▸ **Work task**
Through the end of the data below, output every line exactly, beginning with the line that contains "2016 Honda Accord".
----
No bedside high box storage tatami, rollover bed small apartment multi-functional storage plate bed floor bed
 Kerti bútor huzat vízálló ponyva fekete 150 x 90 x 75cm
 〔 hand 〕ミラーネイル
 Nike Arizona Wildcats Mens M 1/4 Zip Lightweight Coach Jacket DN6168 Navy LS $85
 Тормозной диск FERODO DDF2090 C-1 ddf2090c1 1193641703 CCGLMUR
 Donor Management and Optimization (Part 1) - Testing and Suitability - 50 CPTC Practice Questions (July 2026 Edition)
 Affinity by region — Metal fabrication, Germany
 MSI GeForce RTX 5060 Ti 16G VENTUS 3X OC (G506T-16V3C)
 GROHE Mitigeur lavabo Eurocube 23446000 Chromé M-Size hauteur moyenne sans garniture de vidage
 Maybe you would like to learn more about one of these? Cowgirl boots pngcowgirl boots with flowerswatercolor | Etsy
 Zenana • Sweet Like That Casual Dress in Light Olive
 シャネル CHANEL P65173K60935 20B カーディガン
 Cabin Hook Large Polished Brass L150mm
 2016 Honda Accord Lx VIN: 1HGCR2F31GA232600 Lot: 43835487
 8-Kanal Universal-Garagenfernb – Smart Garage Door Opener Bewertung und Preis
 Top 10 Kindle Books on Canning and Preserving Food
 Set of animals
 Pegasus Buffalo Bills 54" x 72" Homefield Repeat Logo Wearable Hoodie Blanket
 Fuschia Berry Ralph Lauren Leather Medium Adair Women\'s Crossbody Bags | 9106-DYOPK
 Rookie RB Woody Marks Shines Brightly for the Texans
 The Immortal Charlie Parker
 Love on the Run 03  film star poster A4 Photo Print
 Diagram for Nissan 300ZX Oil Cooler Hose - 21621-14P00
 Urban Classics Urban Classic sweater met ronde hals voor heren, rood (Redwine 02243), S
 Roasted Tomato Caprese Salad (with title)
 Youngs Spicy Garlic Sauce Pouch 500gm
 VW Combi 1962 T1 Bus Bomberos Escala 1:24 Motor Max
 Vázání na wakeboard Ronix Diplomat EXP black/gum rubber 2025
----
▸ **Expected answer**
 2016 Honda Accord Lx VIN: 1HGCR2F31GA232600 Lot: 43835487
 8-Kanal Universal-Garagenfernb – Smart Garage Door Opener Bewertung und Preis
 Top 10 Kindle Books on Canning and Preserving Food
 Set of animals
 Pegasus Buffalo Bills 54" x 72" Homefield Repeat Logo Wearable Hoodie Blanket
 Fuschia Berry Ralph Lauren Leather Medium Adair Women\'s Crossbody Bags | 9106-DYOPK
 Rookie RB Woody Marks Shines Brightly for the Texans
 The Immortal Charlie Parker
 Love on the Run 03  film star poster A4 Photo Print
 Diagram for Nissan 300ZX Oil Cooler Hose - 21621-14P00
 Urban Classics Urban Classic sweater met ronde hals voor heren, rood (Redwine 02243), S
 Roasted Tomato Caprese Salad (with title)
 Youngs Spicy Garlic Sauce Pouch 500gm
 VW Combi 1962 T1 Bus Bomberos Escala 1:24 Motor Max
 Vázání na wakeboard Ronix Diplomat EXP black/gum rubber 2025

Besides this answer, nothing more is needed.